TR EN

Dil Seçin

Ara

Kur’an-ı Kerim’de Hayırda Yarışmak Konusu

“Sonra biz Kitab’ı (Kur’an’ı) kullarımızdan seçtiklerimize miras kıldık. Onların kimi nefsine zulmedicidir, kimi muktesit (orta halli). Kimi de Allah’ın izniyle hayratta yarışandır.” (Fâtır, 32)

 

Bu ayet, bizi hayırda yarışmaya davet etmektedir. Bu konuda şunları söyleyebiliriz:

İnsan, çok yönlü ve çok kapasiteli bir varlıktır. Bu cihetle, onun belli bir alandaki cüz’i bir başarıyla teselli bulmak yerine, her alanda büyük olmaya çalışması gerekir. Zira Bediüzzaman’ın ifade ettiği gibi, “mevcuda iktifa dûnhimmetliktir.” Yani, eldekiyle yetinmek gayretsizlik ve tembelliktir.

Eskide “hüsn-i külli” denilen ve günümüzde “toplam kalite” adıyla ifade edilen bir esası, kişinin kabiliyet ve kapasitesini değerlendirmesi açısından düşünmek de mümkündür. Şöyle ki:

Cenab-ı Hak, bütün kemal sıfatlarla muttasıftır. O’nun (cc) bütün isimleri, kemalâtının birer unvanıdırlar. Mesela O, yaratıcı olduğu gibi, aynı zamanda rızık verendir; Âdil olduğu gibi, aynı zamanda affedendir; şekillendiren olduğu gibi, aynı zamanda en güzel renklerle renklendirendir.

Her biri birer sanat harikası olan varlıklardaki mükemmellik, onların yaratıcısındaki mükemmelliğin en güzel bir delilidir. Mesela, meyve olarak yediğimiz elma, hem şekil, hem renk, hem desen, hem gıda.. olarak en güzel bir tarzdadır. Onun ağacı, en ideal boyutlardadır.
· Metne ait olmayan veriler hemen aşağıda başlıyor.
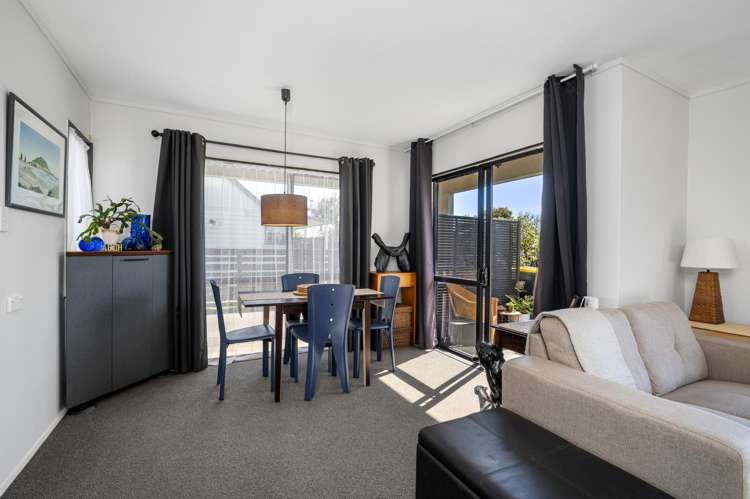 88 Gloucester Road Mount Maunganui_4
Sözgelimi kavak gibi uzun değildir. Bir süs bitkisi gibi kısa değildir. Şekil olarak tam bir tenasüp içindedir...

İşte, insan dahi Allah’ın en seçkin muhatabı olarak, “İlahi ahlâk” ile ahlâklanmalı, her cihetten en mükemmel olmaya gayret göstermelidir. İlimde zirvelere doğru yol alan birisi, amelde de zirveyi zorlamalı, bildiği meseleleri ifadede güçlük çekmemeli, sosyal ilişkilerde rahat hareket edebilmelidir.

Said Havva, ilk Müslümanlarla sonraki nesiller arasındaki farka şu şekilde işaret eder: “İlk Müslümanlar; âlim, zahit, âbid, savaşçı, davetçi, cesur, net tavırlı, hikmet sahibi, siyasî, idareci, akıllı, ferasetli... idi. Sonraki Müslümanlar ise, bu özellikleri bir bütün olarak kendinde gösteremiyor. Bakıyorsunuz âlim bir insan; fakat cihadı bilmiyor. Yahut, cihadı biliyor, Allah’ı tanımakta noksan.. Veya siyasetçi; fakat ilim ve hikmet sahibi değil...”

Fransız düşünür Lamartin’in Hz. Peygamberle ilgili şu tespiti konumuz açısından son derece manidardır: “Büyüklüğün ölçüsü hangi kemal vasfı kabul edilirse edilsin, insanlık tarihinin kaydettiği en büyük şahıs Hz. Muhammed’dir (asm).”

O, ibadette zirvede olduğu gibi, toplumsal ilişkilerde de zirvededir. Bir aile reisi olarak en mükemmeli gösterdiği gibi, bir devlet reisi olarak da en mükemmeldir. Affetmekte en ileride olduğu gibi, yeri geldiğinde cephede en başarılı bir kumandandır...

Bu cihetle baktığımızda, insanın önünde sadece bir zirve değil, pek çok zirveler olduğu görülecektir. Âdeta her hedef bir ufuktur. O ufka varıldığında, başka ufuklar insanın karşısında arz-ı endam etmektedir. Böylece, her alanda başarıya göz dikmiş bir insanın ömrü, bir ufuktan bir başka ufka, oradan yeni ufuklara doğru yol almakla devam edip gidecektir. “Salaten tüncina” duasında, Cenab-ı Hak’tan istemiş olduğumuz “aksa’l-ğayat”ın/en ileri hedeflerin bir sırrı herhalde bu olsa gerektir.